Freedom of Speech Gets a Big Boost With New York’s Passage of Widely Expanded Anti-SLAPP Law

Media companies and publishers may finally be able to get some sleep in the city that never sleeps.  On November 10, 2020, Governor Cuomo signed legislation that vastly expanded First Amendment protections under New York’s anti-SLAPP law.  The amendment is effective immediately.

“SLAPP” stands for “Strategic Lawsuits Against Public Participation,” which Governor Cuomo characterizes as “frivolous litigation brought by affluent plaintiffs who have the ability to spend large sums of money by using expensive and time-consuming litigation to obstruct those exercising their right to free speech.” 

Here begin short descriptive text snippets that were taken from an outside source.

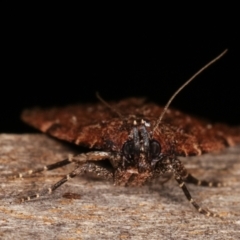 Mimaglossa nauplialis and habitalis at Melba, ACT - 19 Jan 2021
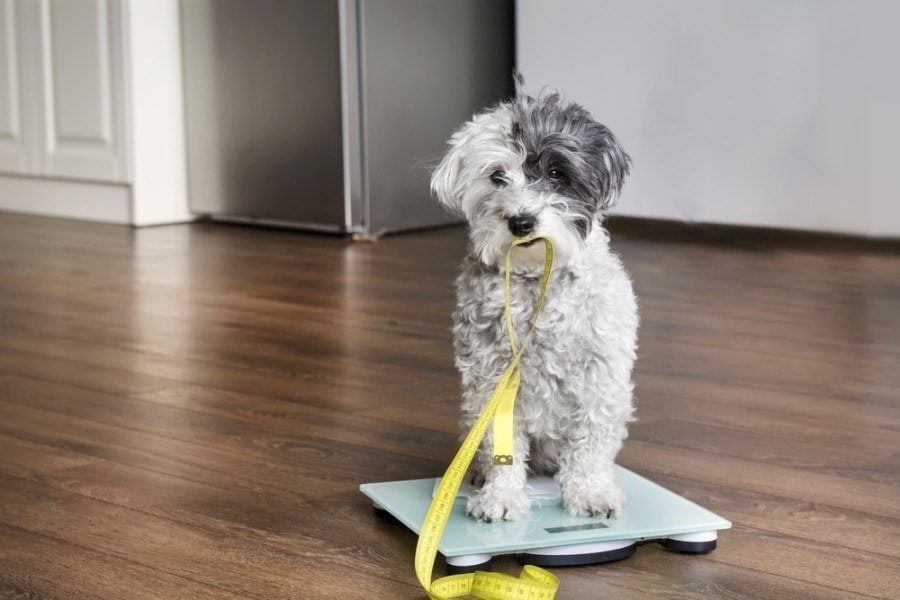How to Determine a Dog's Body Condition Score: Vet-Reviewed Health Facts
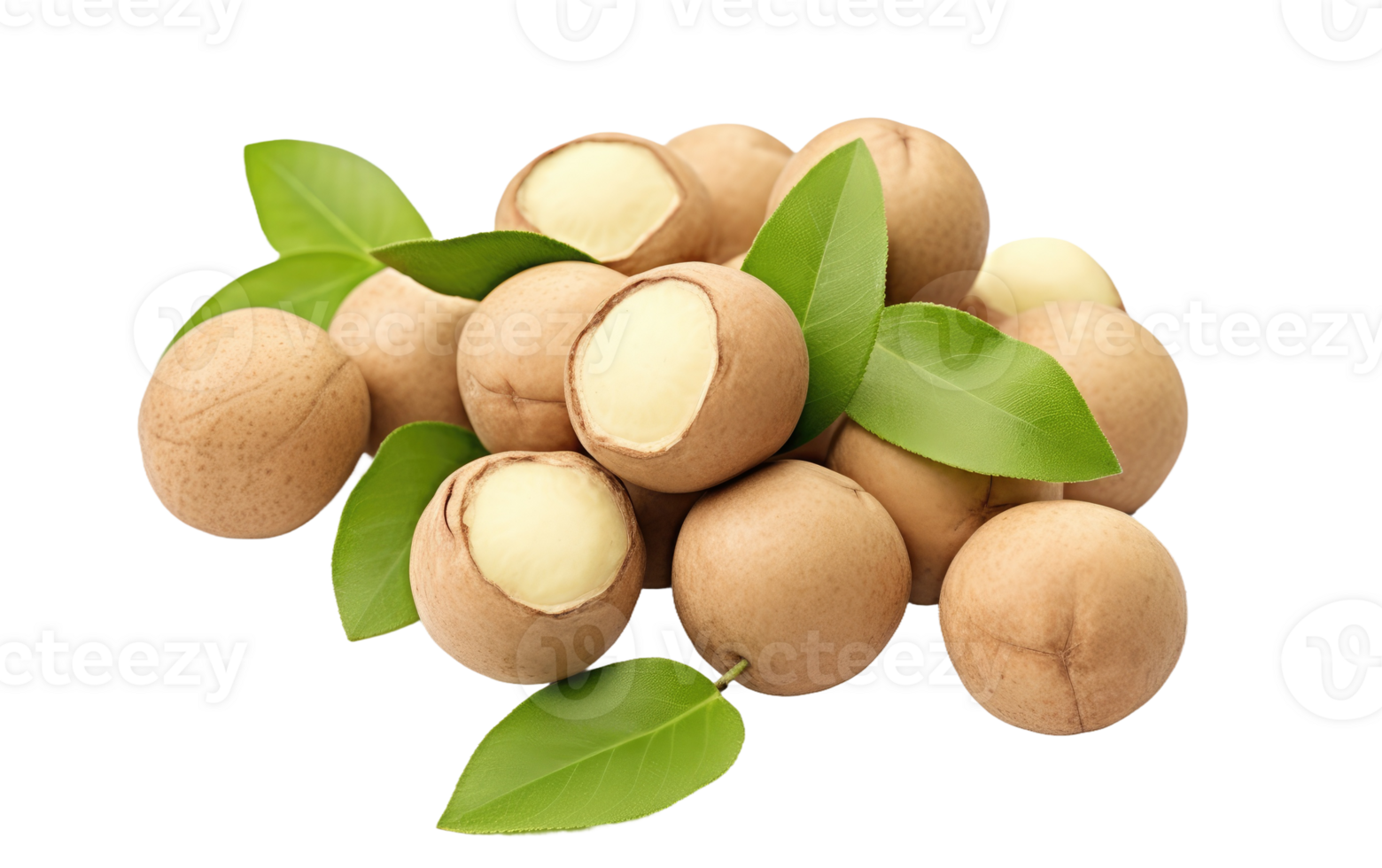 AI generated Gourmet Macadamia Delight On Transparent Background png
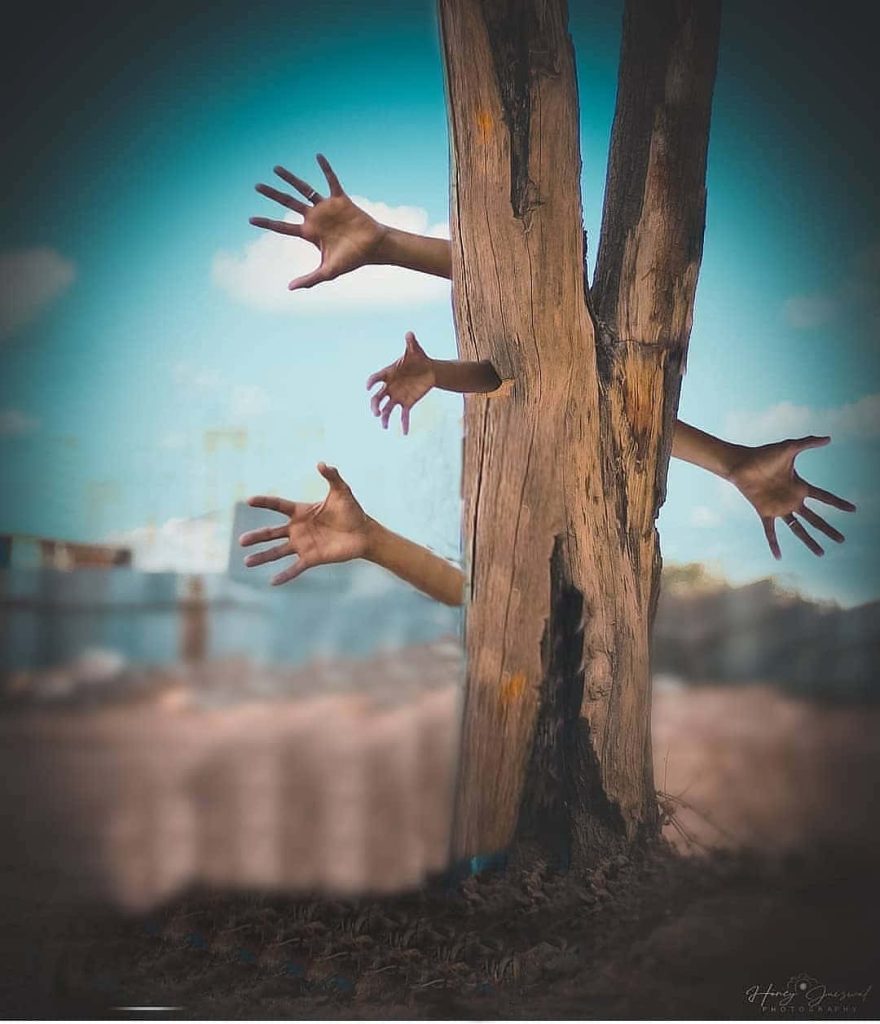 Eerie surreal tree with human hands emerging against soft blue sky fantasy background wallpaper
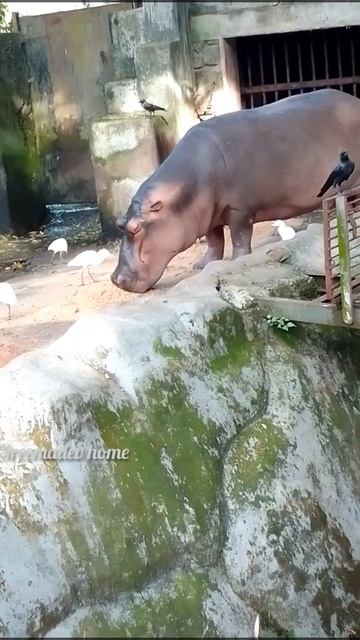 ഹിപ്പൊപൊട്ടമസ് ഭക്ഷണം കഴിക്കുന്നത് കണ്ടിട്ടുണ്ടോ #trivandrum #museum #hippopotamus #shorts #food смотреть онлайн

Anti-SLAPP laws exist in 30 states and the District of Columbia.  In states like California, anti-SLAPP laws have provided defendants with powerful protections against claims arising from the exercise of their “right of petition or free speech” in connection with a public issue—most notably, defamation and other claims attacking a person’s speech.  While New York has had an anti-SLAPP law on the books since 2008, the statute only covered claims arising from a public application or permit, limiting its reach mainly to real estate development disputes.  Media organizations and free speech advocates have long criticized New York—supposedly the media capital of the world—for having one of the weakest anti-SLAPP statutes in the country.

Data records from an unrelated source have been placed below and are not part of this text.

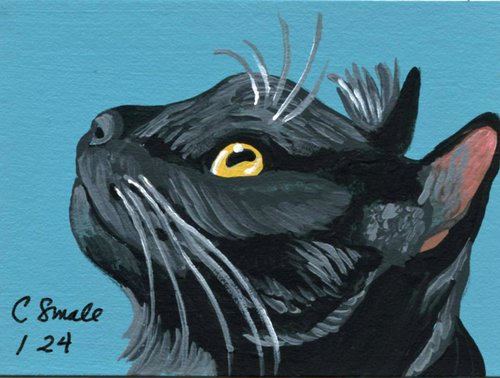Black Cat by Carla Smale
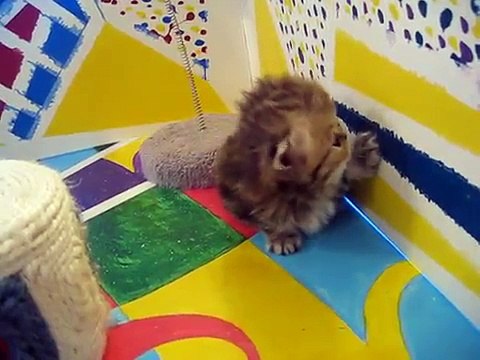 Kismet Kittens: Cute Persian kittens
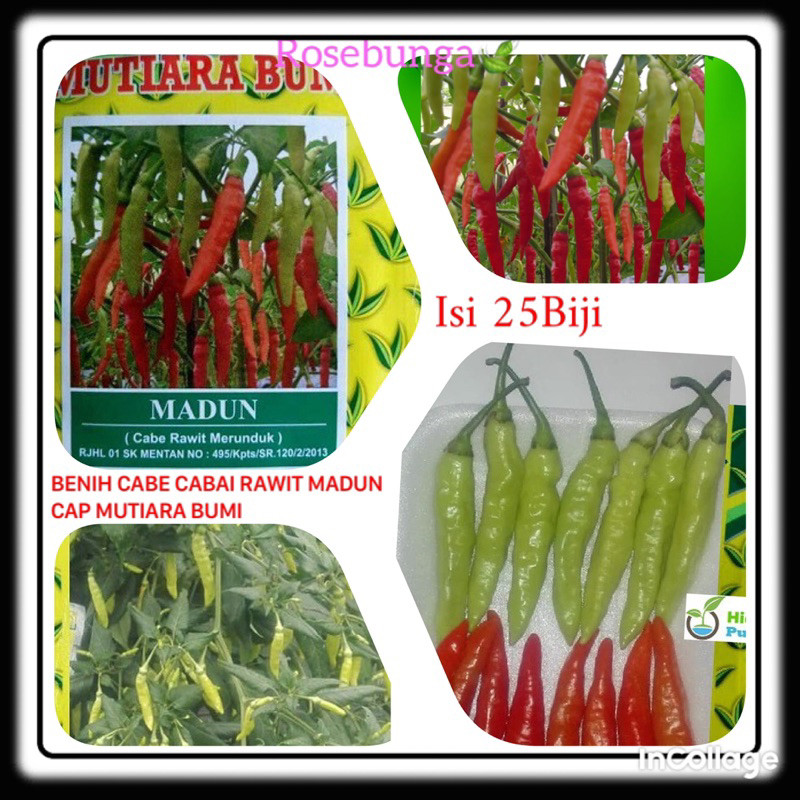 25 Benih Biji Cabai Rawit Madun F1 - repacking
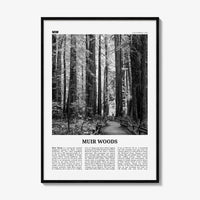 Muir Woods National Monument Print Black and White, Muir Woods Wall Art, Muir Woods Poster, Muir Woods Photo, California, USA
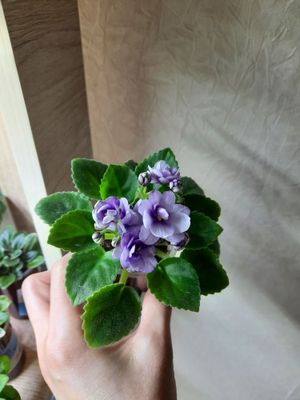 Продаю миниатюрную фиалку АВ - Кисельные берега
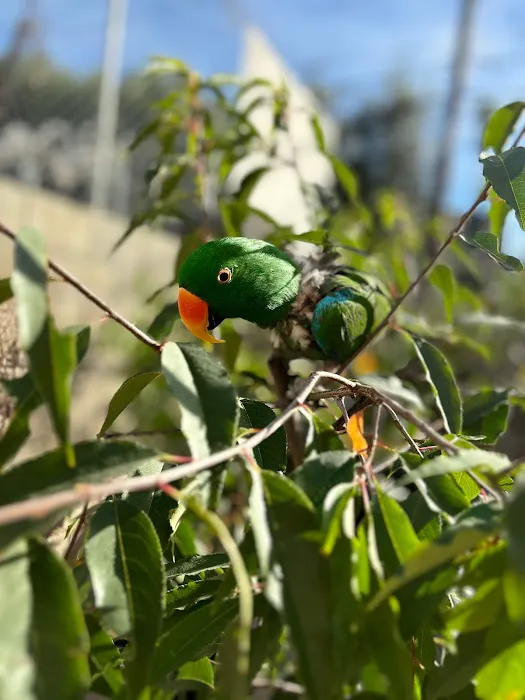Galeana's Aviary Picture 5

The amendment answers their call, bringing New York’s anti-SLAPP law in line with California’s, expanding the statute’s scope and procedural protections by:

  • Extending its application to claims based on any “communication in a . . . public forum in connection with an issue of public interest” or “any other lawful conduct in furtherance of the exercise of the constitutional right of free speech in connection with an issue of public interest, or in furtherance of the exercise of the constitutional right of petition.”
  • Directing courts to construe “public interest” broadly, meaning “any subject other than a purely private matter.”
  • Staying all discovery, hearings, and motions while an anti-SLAPP motion is pending.
  • Mandating (as opposed to allowing) courts to award attorneys’ fees to prevailing anti-SLAPP movants.

How will the new anti-SLAPP law play out in NY courts?  Will anti-SLAPP litigation become a mainstay in NY as it has in California?  Given the high volume of media cases filed in New York, that would seem likely, but we’ll have to see.

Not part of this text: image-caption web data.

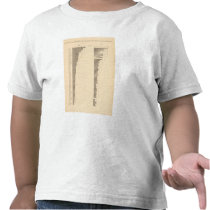 84 Proportion illiterates, foreign white by state Tees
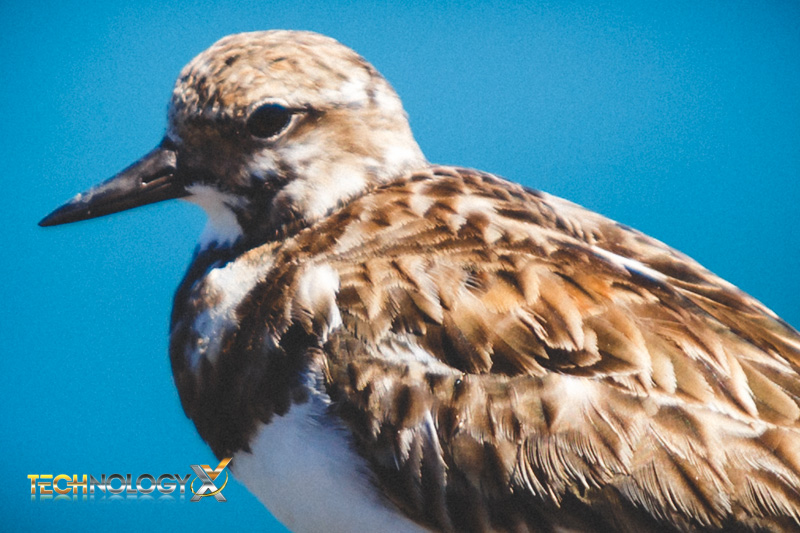 Bird Closeup sharpness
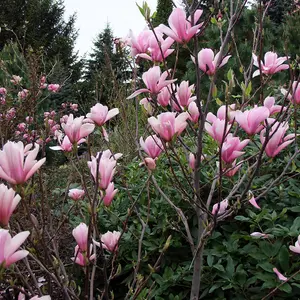 Magnolia Heaven Scent Tree - Scented Pink Flowers, Compact, Low Maintenance (5-6ft)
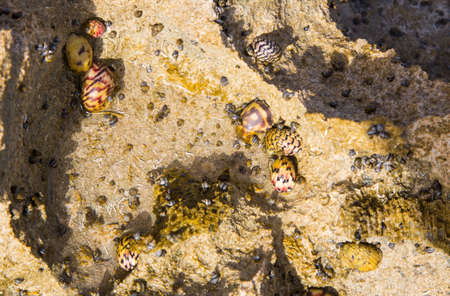 A group of snails cling to the rocks as the surf rises and falls. Bonaire.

Another big issue is the extent to which New York’s anti-SLAPP statute will apply in federal courts.  In La Liberte v. Reid, No., 19-3574, 2020 WL 3980223 (2d Cir. July 15, 2020), the Second Circuit held that California’s anti-SLAPP statute did not apply in federal court, reasoning that the statute’s procedural framework conflicted with the Federal Rules of Civil Procedure.  Will that ruling extend to New York’s anti-SLAPP statute?  The adjudication of this issue has significant strategic and tactical implications for litigants on both sides of the “v.”  We will keep you posted.